• Records provided:
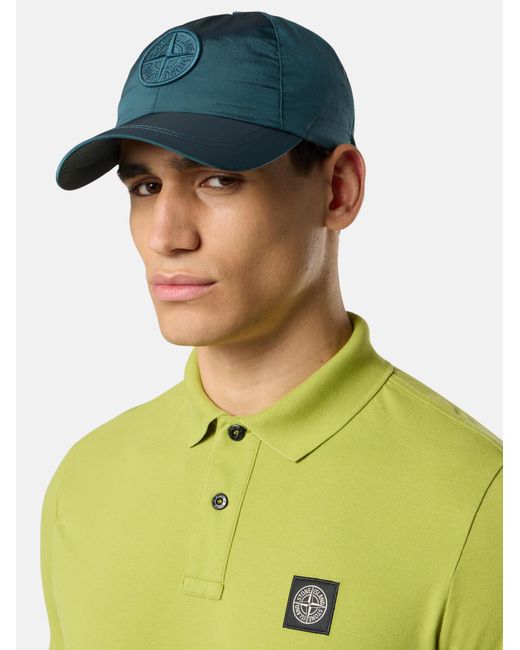 Stone Island Blue Logo Embroidered Curved Peak Baseball Cap for men
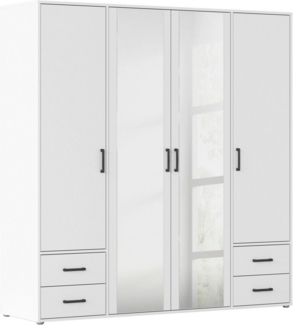 rauch Drehtürenschrank Kleiderschrank Schrank Garderobe Wäscheschrank VOYAGER (in 3 verschiedenen Ausstattungen BASIC/CLASSIC/PREMIUM) mit modernen Griffen in Graumetallic, inkl. Schubkästen und Spiegel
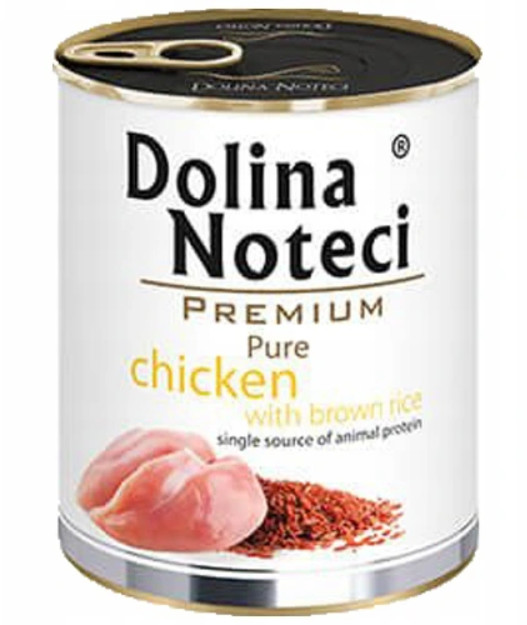 Dolina Noteci Premium Pure BOGATA W KURCZAKA Z RYŻEM 800g  od 95zł +DO 3% ZWROTU W PROGRAMIE LOJALNOŚCIOWYM DOLINA-PURE-800-KUR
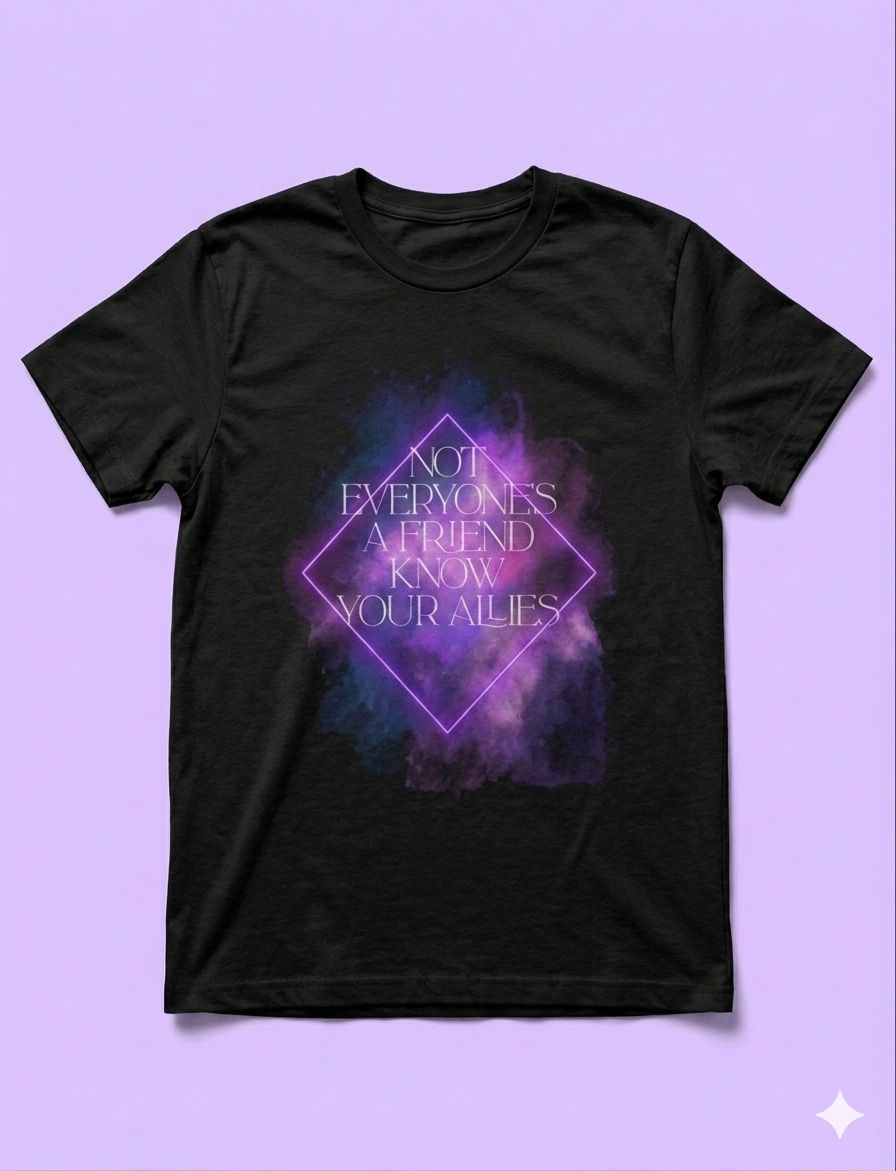 Thumbnail: Black No Friends Tee with purple nebula graphic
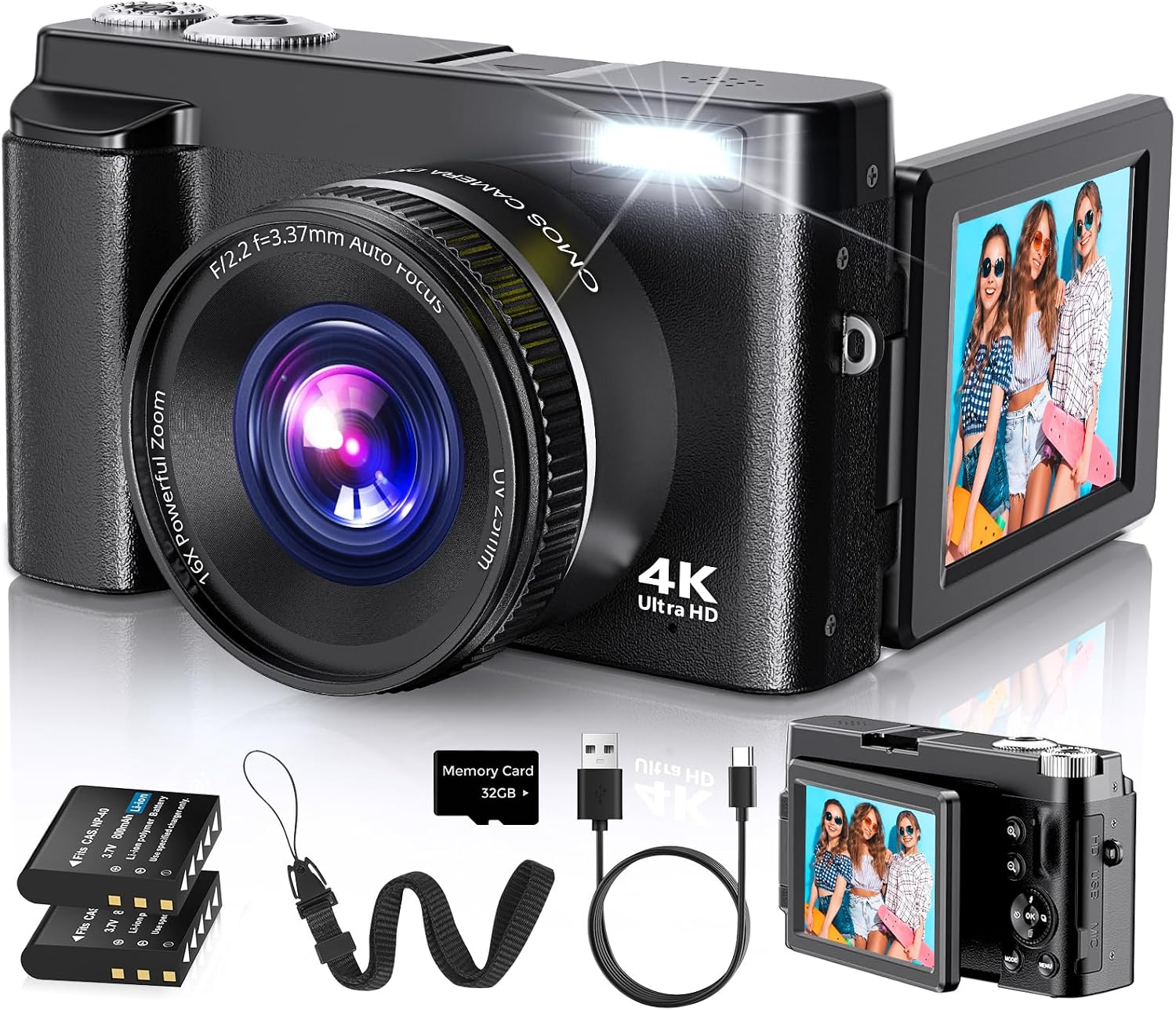 Duluvulu Cámara digital 4K para enfoque automático de fotografía, c...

• The problem: Word for word, write out the full listing, leaving the pictures aside.

• Answer area:
 Stone Island Blue Logo Embroidered Curved Peak Baseball Cap for men
 rauch Drehtürenschrank Kleiderschrank Schrank Garderobe Wäscheschrank VOYAGER (in 3 verschiedenen Ausstattungen BASIC/CLASSIC/PREMIUM) mit modernen Griffen in Graumetallic, inkl. Schubkästen und Spiegel
 Dolina Noteci Premium Pure BOGATA W KURCZAKA Z RYŻEM 800g  od 95zł +DO 3% ZWROTU W PROGRAMIE LOJALNOŚCIOWYM DOLINA-PURE-800-KUR
 Thumbnail: Black No Friends Tee with purple nebula graphic
 Duluvulu Cámara digital 4K para enfoque automático de fotografía, c...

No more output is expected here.